EXERCISE DIRECTIONS ▸ Return all of the data that follows precisely, leaving every image out.

GIVEN DATA ▸
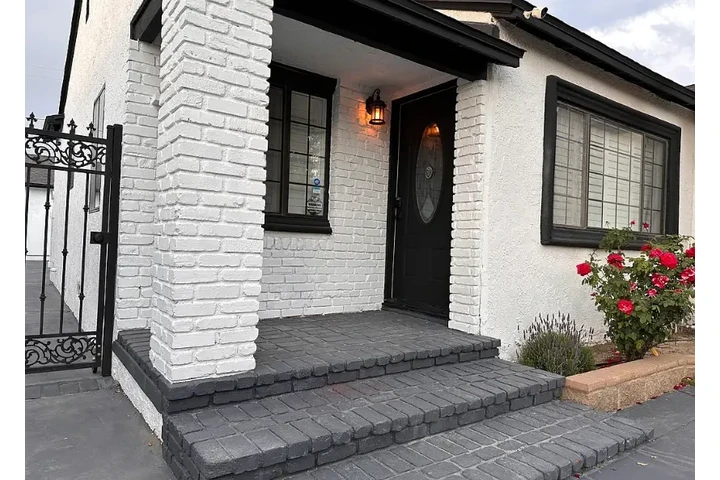 $2175 : 2bed 1bath home for rent in LA image 3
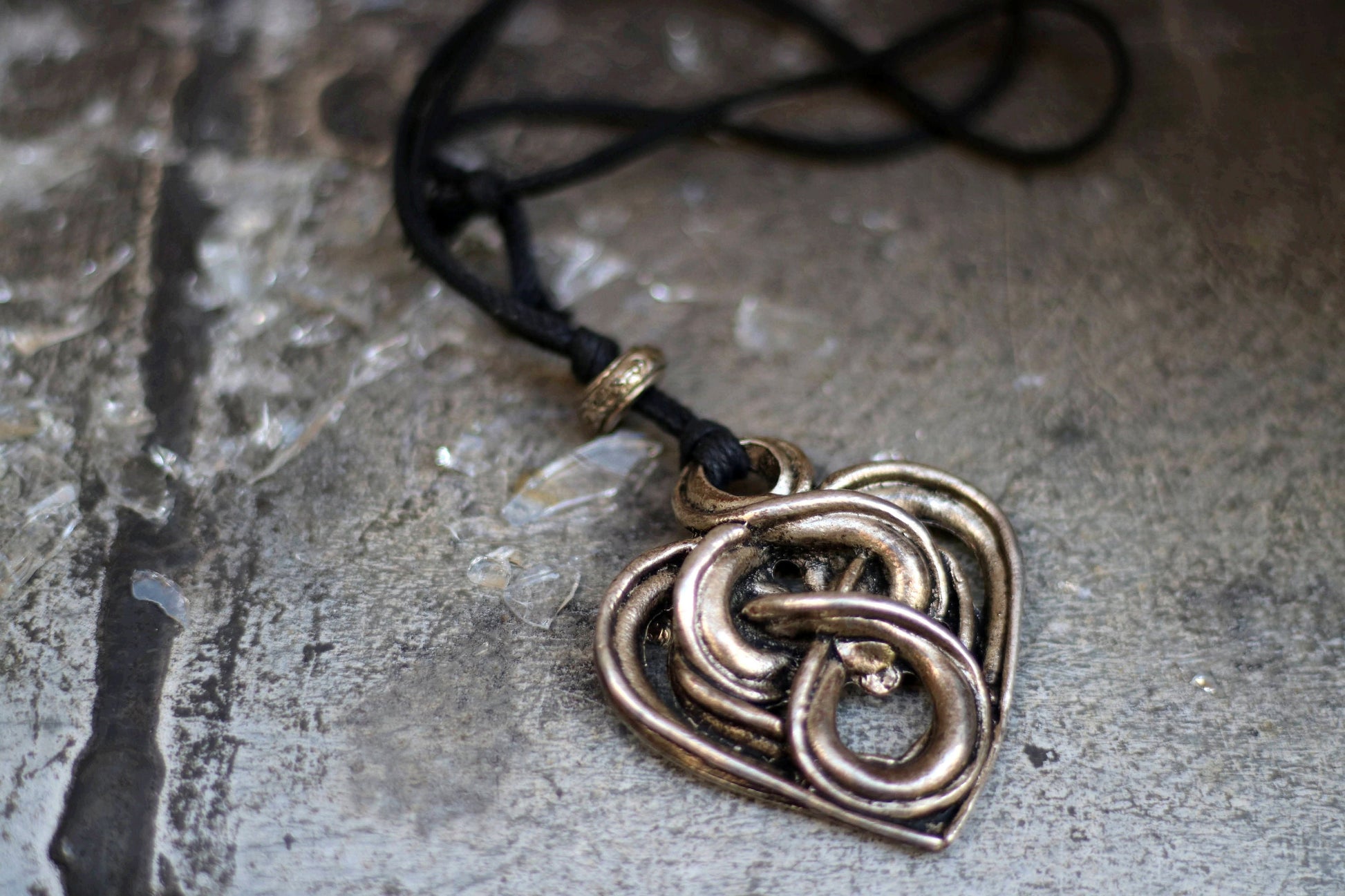 90s heart shaped necklace| Vintage bronze colored jewelry| Gothic inspired heart motif necklace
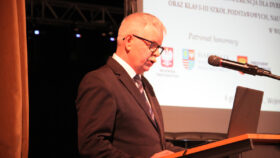 Pan Robert Filipczak prowadzący konferencję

TASK RESULT ▸
 $2175 : 2bed 1bath home for rent in LA image 3
 90s heart shaped necklace| Vintage bronze colored jewelry| Gothic inspired heart motif necklace
 Pan Robert Filipczak prowadzący konferencję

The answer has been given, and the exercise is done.